Por: Jorge Arturo Borja 16 Ene 2020
Los más jóvenes se perdieron el privilegio de beber en la primera cantina abierta en México, pero estas líneas suponen un viaje al pasado.
A nivel de una leyenda; historias de una mítica cantina

Nos cuenta Francisco Sedano en sus Noticias de México que a mediados del Siglo XVIII, parte de Palacio Nacional funcionaba como una vecindad que usaban los puesteros de El Parián, mercado de la Plaza Mayor, para guardar sus frutas y verduras. También se podía encontrar ahí adentro una fonda, una panadería y una “botillería” —expendio que permitía el consumo de vinos y licores—, donde recalaban los juerguistas nocturnos.

Con el tiempo, los gobernantes cambiaron el panorama de la ciudad y del palacio, pero no así la inclinación etílica de sus habitantes. De modo que un siglo después, a un costado del mismo Palacio Nacional, en la calle de Moneda 2, se concedió la primera licencia como cantina a El Nivel, el 2 de febrero de 1872.

Era como una máquina del tiempo. El tapete de la entrada decía “Fundada en 1855”, el año en que el Café Correo, que se hallaba en el mismo lugar, cambió su giro a la vinatería que después cerró el presidente Juárez. Fue hasta 1872, que su propietario Carmen Gallegos y Ramírez, pagó veinticinco pesos oro por la licencia para reabrirla. Una copia de este documento se exhibía en un cuadro. En otro, aparecían unos versos: “Grande fortuna es de aquél,/ el que tiene por vecina/ a la afamada cantina/ denominada “El Nivel”.
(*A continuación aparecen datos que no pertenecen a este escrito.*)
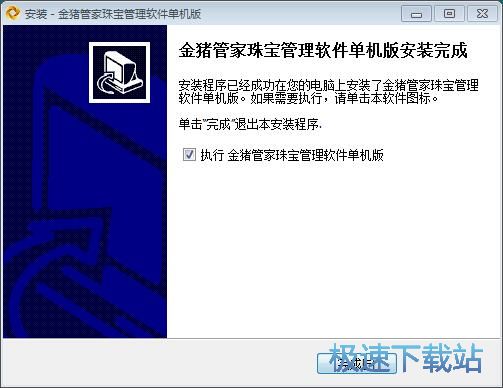 图：金猪管家安装教程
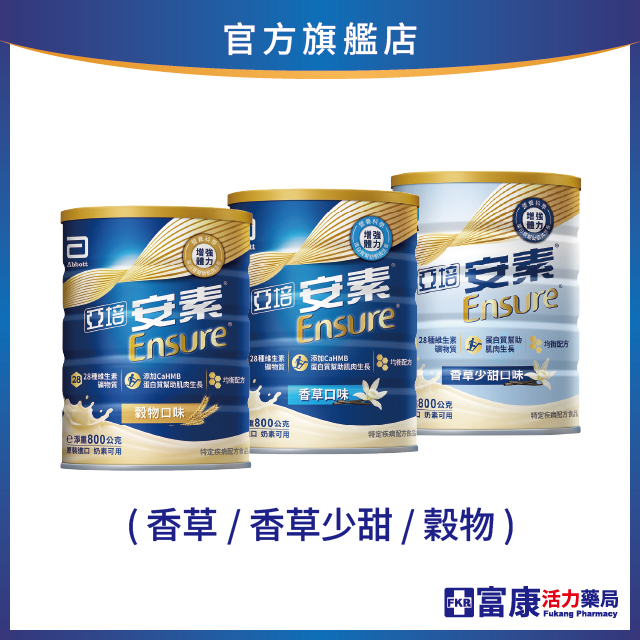亞培 安素優能基 均衡營養配方奶粉 (香草/香草少甜/穀物) 800g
Debía su nombre a la proximidad con la estatua de Enrico Martínez, que hacía la comparación del nivel de los lagos de la cuenca del Valle de México, situado a contra esquina del local. Años después el monumento fue removido al lugar que ahora ocupa en la esquina de Catedral donde desemboca Cinco de Mayo,  pero a la cantina se le quedó el nombre.
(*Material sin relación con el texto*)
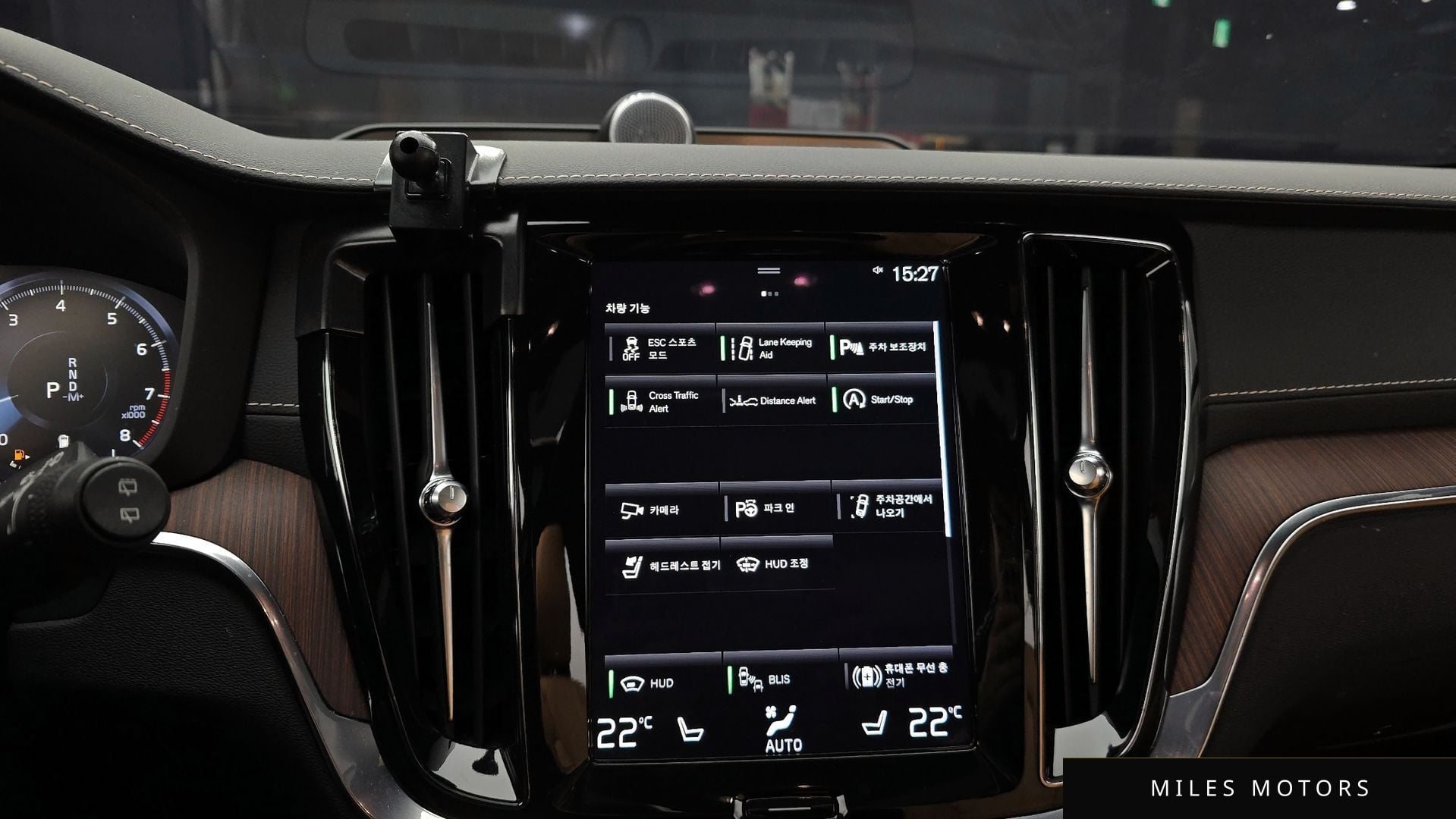 Volvo V60 크로스컨트리 2021 — миниатюра 15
Entre sus clientes y visitantes ilustres pueden mencionarse desde políticos como Porfirio Díaz, Miguel Alemán Valdés, Adolfo López Mateos y Fidel Castro, hasta compositores y escritores como Agustín Lara, Francisco Liguori y Armando Jiménez.

A Francisco Liguori (1917-2003) —abogado, poeta y maestro de varias generaciones—, se debe el aserto de llamar “nivelungos” (no confundir con los nibelungos de la mitología germánica) a los concurrentes asiduos a este centro recreativo, que incluso contaba con su propio coctel, “El Nivelungo”, una combinación de vodka, Pernod y licor de naranja.

Otro de sus parroquianos, Agustín Pumajero Thompson, apodado El Regular, por el rigor con que cumplía con su horario de asistencia a esta cantina, fue un excelso jugador de cubilete y un maestro del albur, pero marcó su huella más indeleble en el mundo al inventar una bebida levantamuertos, la famosa “Patada de mula”, que consiste en el jugo de medio limón, dos copas de tequila blanco, un chorrito de ron y media cerveza negra de barril en tarro frío, cubierto por abundante espuma.

Era un museo interactivo repleto de pinturas, dibujos y fotografías, que tenía un reloj cuyas manecillas corrían en sentido inverso y un teléfono de los años treinta. Ahí conocí a Armando Jiménez (1917-2010), arquitecto e ingeniero del Poli, autor de la famosa Picardía Mexicana y cronista de los Lugares de gozo, retozo, ahogo y desahogo en la Ciudad de México, como dice el título de uno de sus libros.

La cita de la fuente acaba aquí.